Figure low single digits in US dollars for a basic cone and several more for sundaes or Blizzards, which locals call expensive by China standards but still sit in normal airport pricing territory. This is squarely a $-tier stop: cheaper than a sit-down restaurant in PVG, more than a street shop downtown.
Portions match what you’d expect from DQ: soft-serve cones, sundaes with chocolate or strawberry sauce, and mix-ins similar to US Blizzards, with occasional green-tea or red-bean style flavors aimed at China-based passengers. No burgers, no hot dogs, and no real savory options, so treat it as dessert or a sugar snack, not a full meal before your T2 departure.

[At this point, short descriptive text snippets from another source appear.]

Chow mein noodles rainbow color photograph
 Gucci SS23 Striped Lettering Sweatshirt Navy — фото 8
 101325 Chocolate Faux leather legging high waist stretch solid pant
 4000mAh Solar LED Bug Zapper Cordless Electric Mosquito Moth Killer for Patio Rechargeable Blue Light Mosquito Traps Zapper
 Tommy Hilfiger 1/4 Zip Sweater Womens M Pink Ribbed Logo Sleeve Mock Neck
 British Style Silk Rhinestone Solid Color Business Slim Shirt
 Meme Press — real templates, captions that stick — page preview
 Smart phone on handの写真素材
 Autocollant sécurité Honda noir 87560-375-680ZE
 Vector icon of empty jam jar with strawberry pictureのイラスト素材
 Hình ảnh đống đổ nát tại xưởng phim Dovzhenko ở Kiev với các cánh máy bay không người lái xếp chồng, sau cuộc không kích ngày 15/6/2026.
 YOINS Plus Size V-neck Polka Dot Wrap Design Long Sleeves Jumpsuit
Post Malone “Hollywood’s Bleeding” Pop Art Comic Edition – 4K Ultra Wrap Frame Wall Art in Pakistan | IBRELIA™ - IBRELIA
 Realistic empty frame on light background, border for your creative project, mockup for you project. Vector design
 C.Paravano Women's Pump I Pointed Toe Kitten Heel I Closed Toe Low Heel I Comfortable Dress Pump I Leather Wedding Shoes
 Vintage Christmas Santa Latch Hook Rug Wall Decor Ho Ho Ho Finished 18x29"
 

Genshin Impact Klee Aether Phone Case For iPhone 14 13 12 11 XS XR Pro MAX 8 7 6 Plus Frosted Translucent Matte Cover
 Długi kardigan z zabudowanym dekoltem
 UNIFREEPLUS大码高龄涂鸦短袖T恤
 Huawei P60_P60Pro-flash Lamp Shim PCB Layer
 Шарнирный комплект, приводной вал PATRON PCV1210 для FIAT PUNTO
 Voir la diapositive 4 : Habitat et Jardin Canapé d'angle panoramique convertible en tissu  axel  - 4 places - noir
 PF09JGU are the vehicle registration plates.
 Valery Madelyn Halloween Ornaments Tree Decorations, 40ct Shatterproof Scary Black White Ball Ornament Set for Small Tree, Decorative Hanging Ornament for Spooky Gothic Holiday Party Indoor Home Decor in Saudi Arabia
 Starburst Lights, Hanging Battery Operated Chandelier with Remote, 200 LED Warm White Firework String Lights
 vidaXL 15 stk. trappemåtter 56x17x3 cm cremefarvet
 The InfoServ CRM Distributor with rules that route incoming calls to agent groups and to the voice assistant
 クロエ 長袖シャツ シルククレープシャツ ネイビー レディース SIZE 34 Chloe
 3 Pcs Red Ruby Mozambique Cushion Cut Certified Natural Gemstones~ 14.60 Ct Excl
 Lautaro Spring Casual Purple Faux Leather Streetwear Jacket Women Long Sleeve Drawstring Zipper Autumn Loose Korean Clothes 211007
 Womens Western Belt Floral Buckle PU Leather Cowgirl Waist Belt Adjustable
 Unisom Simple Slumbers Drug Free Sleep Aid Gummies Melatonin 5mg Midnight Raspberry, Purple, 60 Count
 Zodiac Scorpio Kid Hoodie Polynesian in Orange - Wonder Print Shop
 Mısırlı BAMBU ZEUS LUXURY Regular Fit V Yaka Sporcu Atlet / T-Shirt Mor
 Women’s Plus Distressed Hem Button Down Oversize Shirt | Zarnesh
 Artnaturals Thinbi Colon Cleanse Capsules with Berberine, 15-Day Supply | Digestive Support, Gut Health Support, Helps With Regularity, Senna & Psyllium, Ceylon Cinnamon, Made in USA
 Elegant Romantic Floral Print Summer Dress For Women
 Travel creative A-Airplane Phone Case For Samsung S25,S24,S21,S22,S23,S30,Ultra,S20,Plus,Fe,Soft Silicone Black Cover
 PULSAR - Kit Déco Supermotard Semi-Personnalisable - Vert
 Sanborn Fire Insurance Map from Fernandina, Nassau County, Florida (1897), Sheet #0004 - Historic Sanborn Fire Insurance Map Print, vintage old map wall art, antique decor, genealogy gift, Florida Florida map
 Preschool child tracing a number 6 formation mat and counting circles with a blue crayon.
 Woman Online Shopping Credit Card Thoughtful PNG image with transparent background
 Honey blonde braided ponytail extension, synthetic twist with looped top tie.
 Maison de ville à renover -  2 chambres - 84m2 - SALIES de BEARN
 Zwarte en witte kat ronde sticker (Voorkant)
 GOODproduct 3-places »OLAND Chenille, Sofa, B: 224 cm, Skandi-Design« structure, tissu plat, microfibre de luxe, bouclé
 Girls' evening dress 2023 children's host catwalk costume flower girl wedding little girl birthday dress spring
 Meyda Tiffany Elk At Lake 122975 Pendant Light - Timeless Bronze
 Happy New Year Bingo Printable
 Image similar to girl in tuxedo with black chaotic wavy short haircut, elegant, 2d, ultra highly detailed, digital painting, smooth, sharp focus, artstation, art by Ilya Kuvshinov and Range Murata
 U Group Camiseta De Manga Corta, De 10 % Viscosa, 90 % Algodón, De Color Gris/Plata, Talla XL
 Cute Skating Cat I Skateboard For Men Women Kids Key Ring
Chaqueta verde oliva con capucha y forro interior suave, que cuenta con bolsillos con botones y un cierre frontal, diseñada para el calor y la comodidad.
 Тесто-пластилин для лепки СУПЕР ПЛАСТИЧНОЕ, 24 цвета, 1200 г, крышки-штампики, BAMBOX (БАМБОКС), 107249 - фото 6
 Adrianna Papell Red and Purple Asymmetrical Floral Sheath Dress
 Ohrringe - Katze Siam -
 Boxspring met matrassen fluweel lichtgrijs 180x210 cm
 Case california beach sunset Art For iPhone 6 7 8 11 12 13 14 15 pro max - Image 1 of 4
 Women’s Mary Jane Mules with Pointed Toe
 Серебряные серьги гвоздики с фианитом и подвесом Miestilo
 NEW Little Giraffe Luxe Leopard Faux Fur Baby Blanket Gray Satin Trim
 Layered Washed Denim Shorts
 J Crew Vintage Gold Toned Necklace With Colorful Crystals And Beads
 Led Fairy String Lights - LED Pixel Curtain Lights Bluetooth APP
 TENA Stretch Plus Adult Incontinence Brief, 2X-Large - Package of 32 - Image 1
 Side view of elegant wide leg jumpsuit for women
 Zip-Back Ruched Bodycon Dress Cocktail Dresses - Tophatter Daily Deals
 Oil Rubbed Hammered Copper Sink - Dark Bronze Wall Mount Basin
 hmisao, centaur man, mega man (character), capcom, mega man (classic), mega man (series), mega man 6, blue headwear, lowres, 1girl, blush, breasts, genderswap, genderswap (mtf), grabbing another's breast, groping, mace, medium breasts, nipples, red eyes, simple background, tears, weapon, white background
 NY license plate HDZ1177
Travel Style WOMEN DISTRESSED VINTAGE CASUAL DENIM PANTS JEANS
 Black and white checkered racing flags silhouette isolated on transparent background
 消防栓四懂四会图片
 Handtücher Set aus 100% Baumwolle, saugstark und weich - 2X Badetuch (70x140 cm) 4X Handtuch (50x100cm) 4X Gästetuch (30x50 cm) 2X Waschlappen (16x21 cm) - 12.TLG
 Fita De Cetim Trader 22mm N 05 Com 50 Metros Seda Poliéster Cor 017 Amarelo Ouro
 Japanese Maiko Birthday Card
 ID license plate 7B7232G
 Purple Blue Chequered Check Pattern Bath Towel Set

Lines spike after the evening dinner window, especially once families drift over from nearby gates in T2 and queue for dessert around 19:00–21:00. That’s when you can easily burn 15–20 minutes just waiting for a Blizzard and another 5–10 for it to come up on the counter.
Watch the clock if you’re on a tight connection: security in T2 can already chew up 30–40 minutes, and adding a DQ line on top of boarding for a 21:00 departure is how you end up speed-walking to gate checks with melting ice cream. The move: stop here right after clearing security, eat while you watch your exact gate assignment pop up on the T2 screens, then walk to boarding with clean hands instead of a dripping cone.